Estava conferindo os
nomes dos artistas do ComicsGate, e a maioria não é muito conhecida na Banânia,
mas acredito que sejam mais notórios nos EUA. Outro nome mais conhecido pelos
leitores tupiniquins é Chuck Dixon, lendário escritor de Batman e criador de
Bane, mas que também foi responsável por histórias de Asa Noturna, Robin,
Mulher-Gato, Aves de Rapina e Arqueiro Verde. Na Marvel, ele escreveu
Justiceiro, Conan, Marvel Knights, entre outros títulos. O projeto de Chuck Dixon no ComicsGate é um
tal de Jungle Comics, com desenhos de
Kelsey Shannon. Mas parece que Bem Dunn também está envolvido nesse projeto. Ele
é o criador da Noiva Guerreira, que foi adaptada para série da “Lacraflix”. A
sinopse do quadrinho diz que é a revitalização do clássico gênero de aventura
na selva, quando homens eram homens e mulheres eram hot. Sinceramente, fiquei com muita vontade de ler esse quadrinho.
Outro quadrinho do
ComicsGate é esse Jawbreakers, que se
assemelha àquelas HQs de equipes de super-heróis táticas dos anos 90. O autor é
Richard C. Meyer. Ele também é responsável por outro título, Iron Sighs, cujo enredo é a respeito de
dois veteranos do Iraque que se metem em uma guerra de fronteira ao salvarem
uma bela mulher de um cartel.
Há ainda Trump’s Space Force, de Timothy Lin. É
uma óbvia paródia espacial e política com Donald Trump, em que ele cria sua
própria equipe espacial para “tornar o espaço grande novamente”.
Um quadrinho curioso é
esse Ravage – Kill All Men,
da Cautionary Comics, em que dois veteranos do
Exército vão parar em uma selva mística habitada por mulheres tóxicas que
querem matar todos os homens. Uma óbvia paródia ao feminismo radical e ao
empoderamento. Essa é outra HQ que fiquei interessado em ler.

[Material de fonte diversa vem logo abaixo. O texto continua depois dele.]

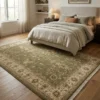 Bright modern bedroom with neutral linens and light wood floors, featuring a 6' x 9' olive and cream Chobi wool rug under the bed.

Ademais, temos Greveyard Shift, de Jon Malin, em que
cientistas assassinados voltam à vida como uma tropa tática de zumbis. Parece
bom.
Em seguida, há Brutas, the Badass, escrito por Donal
Daley e ilustrado por Nasser Rabadi, define-se como um quadrinho de comédia e ação
espacial.
Outra HQ é Brand, com roteiro de Antonio Brice e
desenhos de Caanan White, é sobre uma história de amor que acontece em meio à
guerra entre Céu e Inferno. No ComicsGate, temos até amor, vejam só. Essa
ilustração com uma mulher sendo seviciada por um Papai Noel capiroto era comum
nos anos 90, mas hoje gera esperneio.
Destaca-se também The Ember War, de Jon Del Arroz, HQ
inspirada em uma ficção científica espacial e militar de Richard Fox.
E, por último, mas não
menos importante, temos Cash Grab, de Cecil. O
personagem dessa HQ é que proporcionou toda a controvérsia com a capa de Vengeance of Vampirella da Dynamite.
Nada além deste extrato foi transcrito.